The words inscriptible, circumscriptible, escriptible mean capable of being inscribed in, circumscribed about, escribed to, a circle.

315. Prove from th. 16 a and th. 11 that the sum of the

interior angles of any triangle equals a straight angle.

DEFINITIONS.

Section 5. Two Circles.

Two circles are said to touch or to be tangent when their circumferences have one, and only one, point in common.

They are said to be internally or externally tangent according as one circle lies within or without the other. The more accurate expression, a tangent circumference, is often used instead of a tangent circle.

The line determined by the centers of two circles is called their center-line; the segment of the center-line, between the centers, is called their center-segment.

If two circles have a common center they are said to be concentric.

The expression concentric circumferences is also used.

EXERCISES.

319. A triangle is inscribed in a circle. Prove that the sum of three angles, one in each segment of the circle, exterior to the triangle, equals a perigon.
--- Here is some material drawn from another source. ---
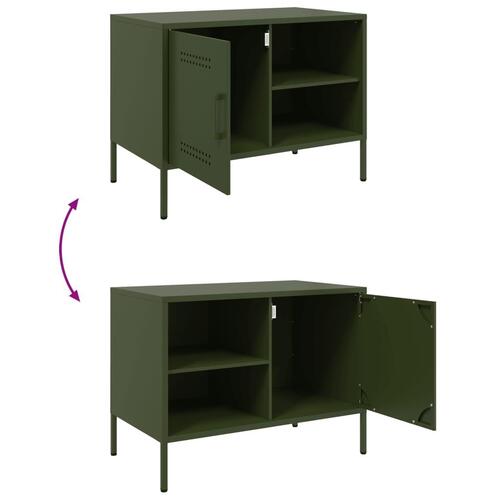 Tv-borde 2 stk. 68x39x50,5 cm stål olivengrøn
320. A perpendicular from the orthocenter of a triangle to a side, produced to the circumference of the circumscribed circle, is bisected by that side.
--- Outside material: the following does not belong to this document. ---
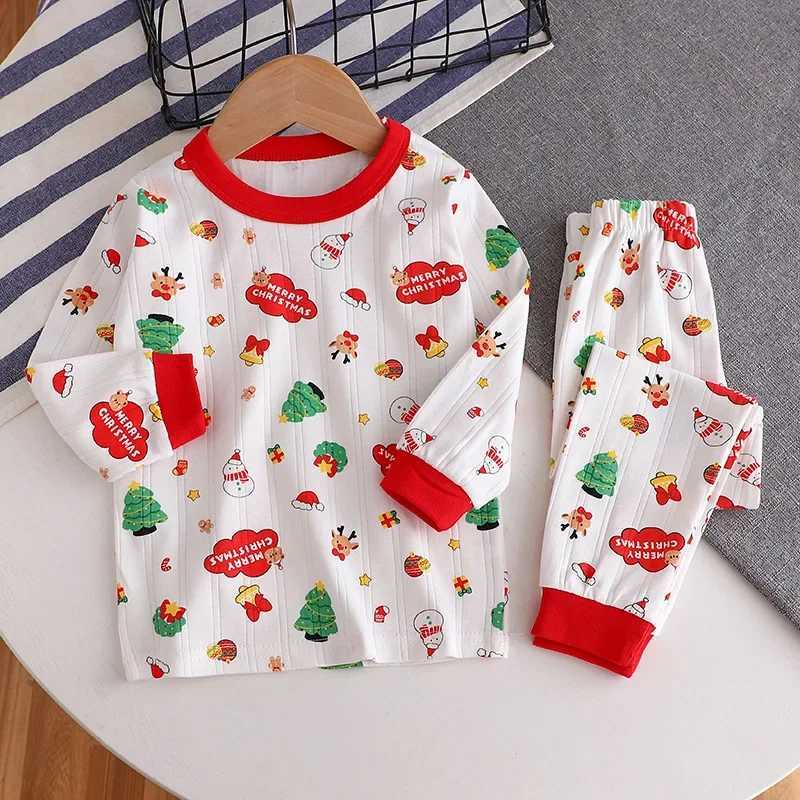 Childrens Home Clothing Set Christmas Pattern Cotton Pajamas Boys and Girls Long Sleeve Underwear Baby Clothing W241213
321. The bisectors of any angle of an inscribed quadrilateral and the opposite exterior angle meet on the circumference.

322. If the diagonals of an inscribed quadrilateral bisect each other, what kind of a quadrilateral is it?

323. If two consecutive sides of a convex hexagon inscribed in a circle are respectively parallel to their opposite sides, the remaining sides are parallel to each other.
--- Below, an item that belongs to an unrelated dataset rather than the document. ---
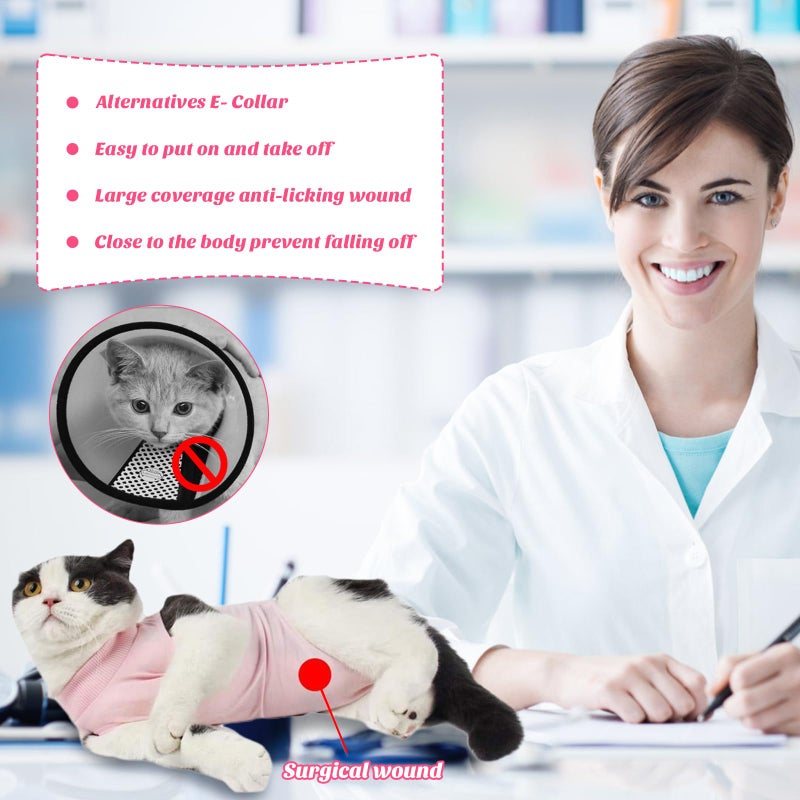 Coppthinktu Cat Recovery Suit for Abdominal Wounds or Skin Diseases, Cat Onesie for Cats After Surgery Female Kitten Recovery Suit, Breathable E-Collar Alternative for Cats After Spay Anti Licking Wounds - Image 2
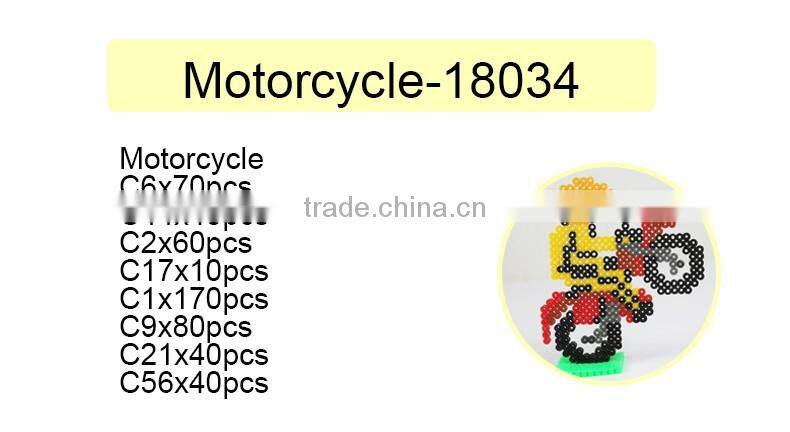 Diyfashion 5mm hama perler fuse beads Motorcycle set with puzzle iron paper and twezzer hama beads toys for kids 18034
324. The bisectors of the angles formed by producing the opposite sides of an inscribed quadrilateral to meet, are perpendicular to each other. (A proof may be based on cors. 2 and 1 of th. 14.)

325. If the diagonals of an inscribed quadrilateral are perpendicular to each other, the line through their intersection perpendicular to any side bisects the opposite side. (Brahmagupta's theorem.)